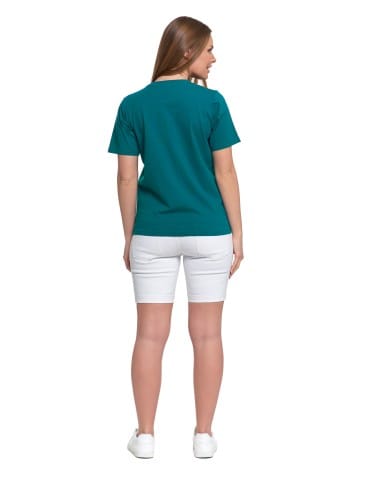 Koszulki z krótkim rękawem - T-shirt damski bawełniany bez szwów bocznych CIEMNY ZIELONY - produkt 3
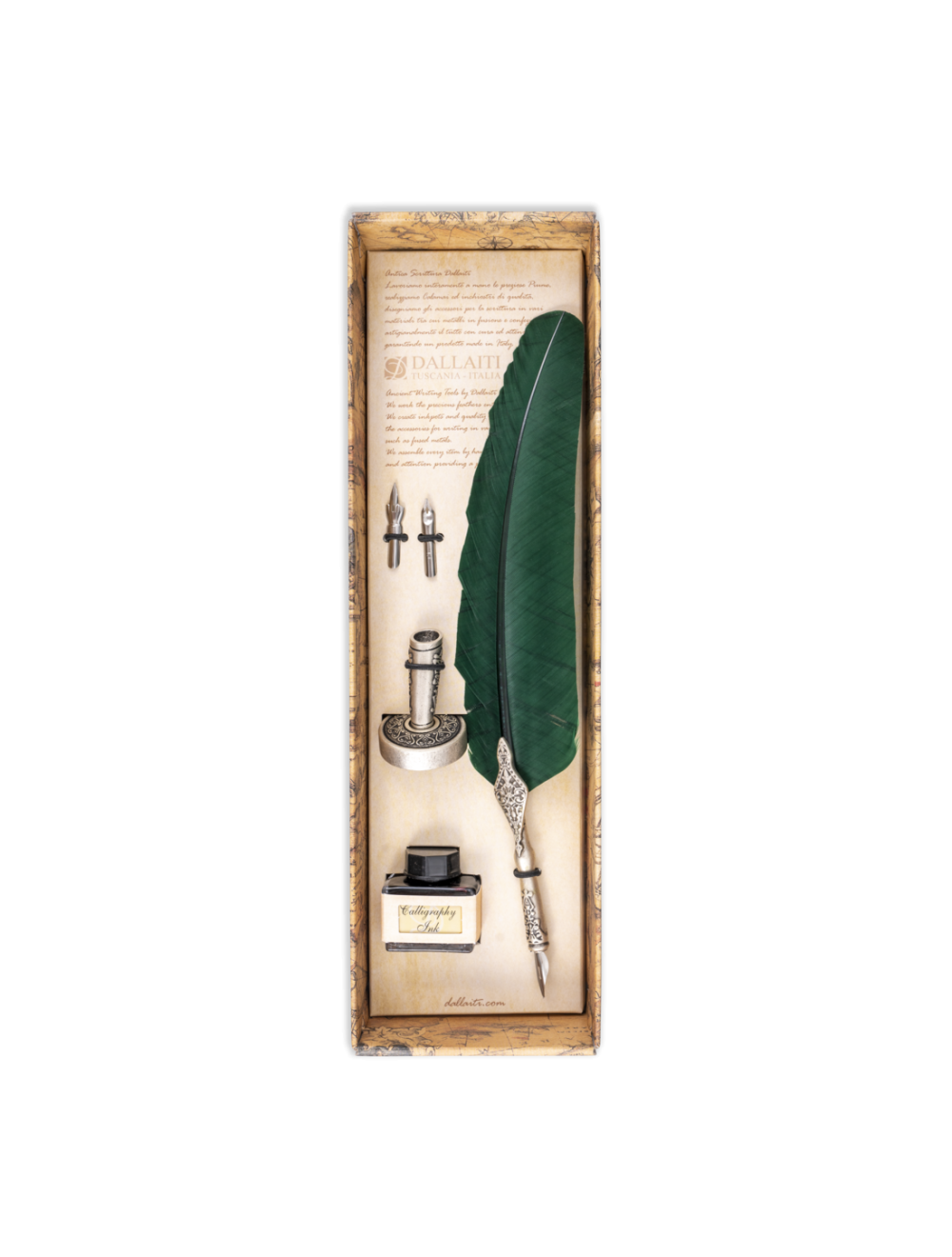 Dallaiti Writing Set with Green Feather Pen MIA Collection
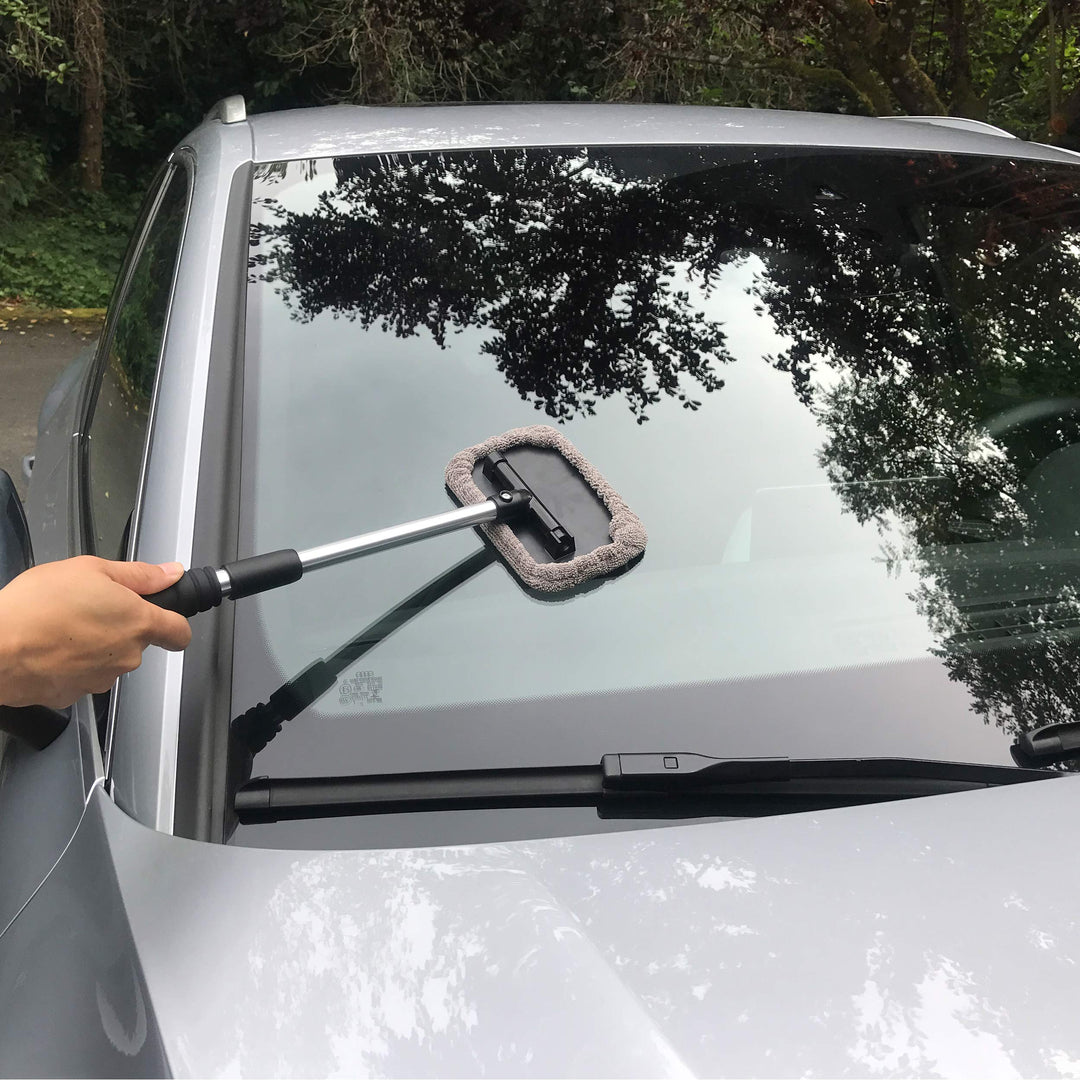 Pivoting Windshield Glass Cleaning Tool Extendable Aluminum Handle w/3 Premium Microfiber Covers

**********

ABOUT THIS EXERCISE
Return the material word for word. Pictures are not part of the copy.

TASK RESULT
 Koszulki z krótkim rękawem - T-shirt damski bawełniany bez szwów bocznych CIEMNY ZIELONY - produkt 3
 Dallaiti Writing Set with Green Feather Pen MIA Collection
 Pivoting Windshield Glass Cleaning Tool Extendable Aluminum Handle w/3 Premium Microfiber Covers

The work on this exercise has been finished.